Recommendations by Use Case
API backend with PostgreSQL: GitHub Actions with postgres service container for testing. Use matrix builds to test multiple Node.js versions.
Microservices architecture: GitLab CI works well with monorepo setups. Use rules to filter which services deploy based on changed paths.
Serverless functions: AWS SAM or Serverless Framework with GitHub Actions. The aws-actions/configure-aws-credentials action handles authentication.
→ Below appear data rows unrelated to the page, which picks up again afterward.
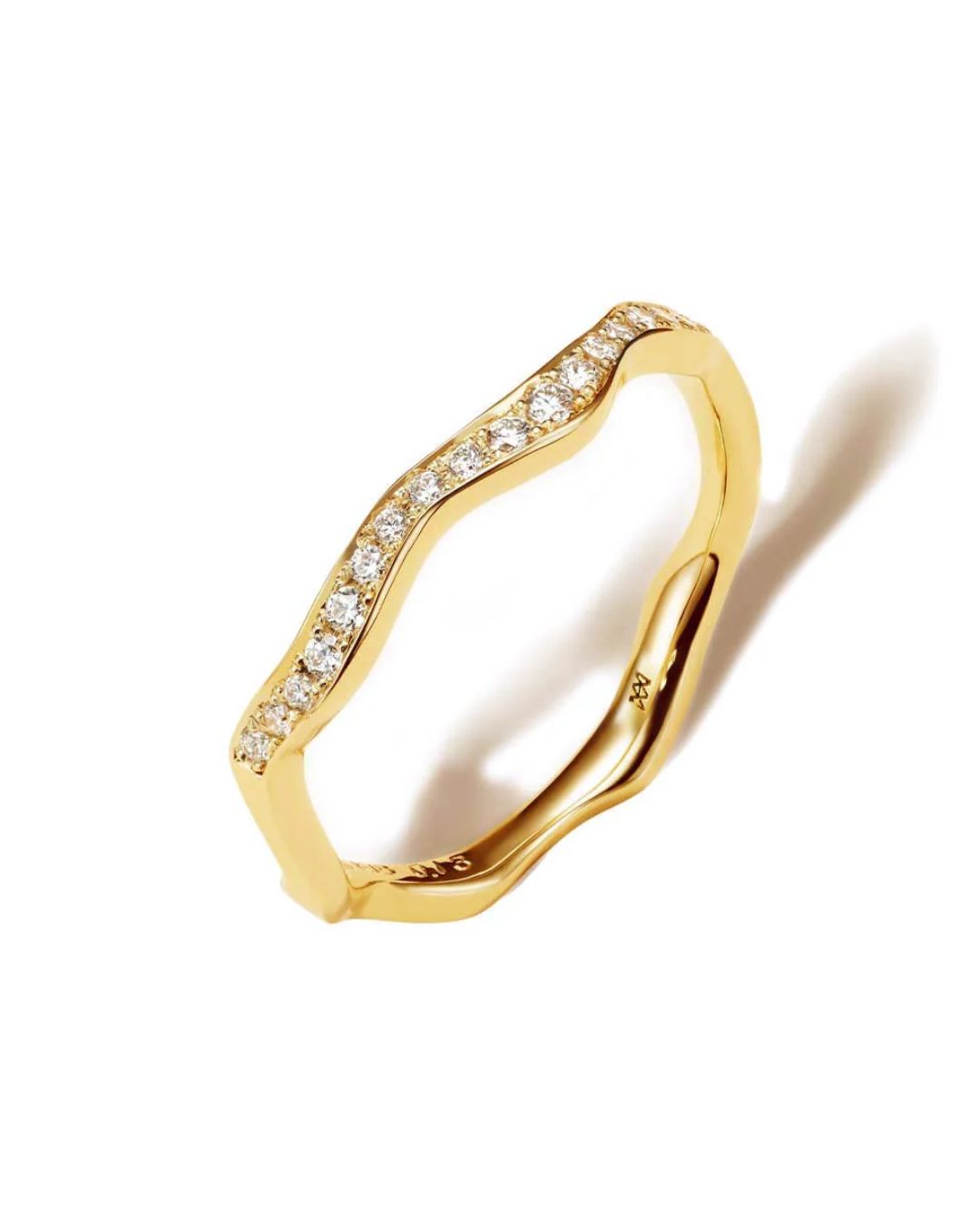 milamore-kintsugi-pave-vine-ring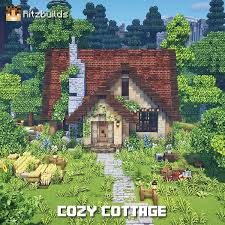 This is a step by step minecraft survival house guide. 20 Minecraft House Ideas And Tutorials Mom S Got The Stuff In 2021 Minecraft Houses Minecraft Cottage Minecraft Farm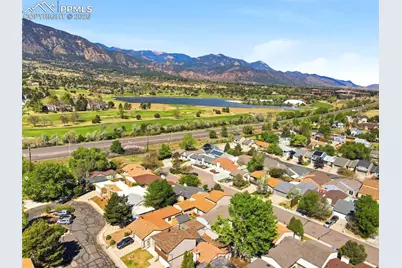 750 San Bruno Place, Colorado Springs, CO 80906 - Photo 43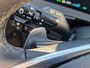 Kia EV6 Plus 77.4 kWh SOH 99%, NL-auto! Stoelkoeling, Stoelverwarming, Dodehoekdetectie, Stuurwiel verwarmd,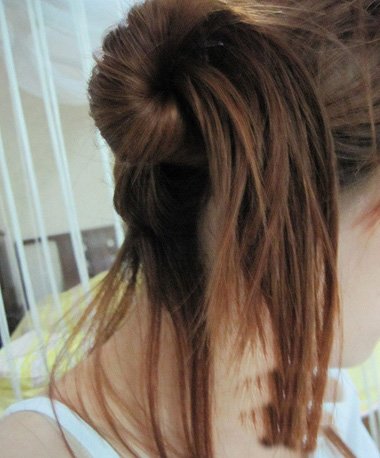 ��ô���ٷ����淢Ч��һ�� �����쳤�ٷ���ϸ����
Containerized applications: CircleCI excels with Docker support. Use setup_remote_docker for building and pushing images.
Infrastructure as Code
Small teams benefit from treating infrastructure the same as application code. A minimal Terraform setup for CI/CD:
# main.tf
provider "aws" {
region = "us-east-1"
}
resource "aws_codebuild_project" "backend_ci" {
name = "backend-ci"
service_role = aws_iam_role.codebuild_role.arn
source {
type = "GITHUB"
location = "https://github.com/your-org/backend.git"
}
environment {
compute_type = "BUILD_GENERAL1_SMALL"
image = "aws/codebuild/standard:6.0"
type = "LINUX_CONTAINER"
}
}
Conclusion
For two-person remote backend teams, GitHub Actions provides the best balance of convenience and capability. The integration is seamless, configuration lives in your repo, and the free tier suffices for most projects. GitLab CI offers a compelling alternative if you already use GitLab or need self-hosted runners. CircleCI suits teams prioritizing execution speed and advanced parallelism.
Regardless of tool choice, prioritize fast feedback loops, automated testing, and clear deployment workflows. The goal is spending less time on infrastructure and more time building features your users need.
The best CI/CD pipeline is one your team actually uses consistently. Start simple, iterate, and add complexity only when your workflow demands it.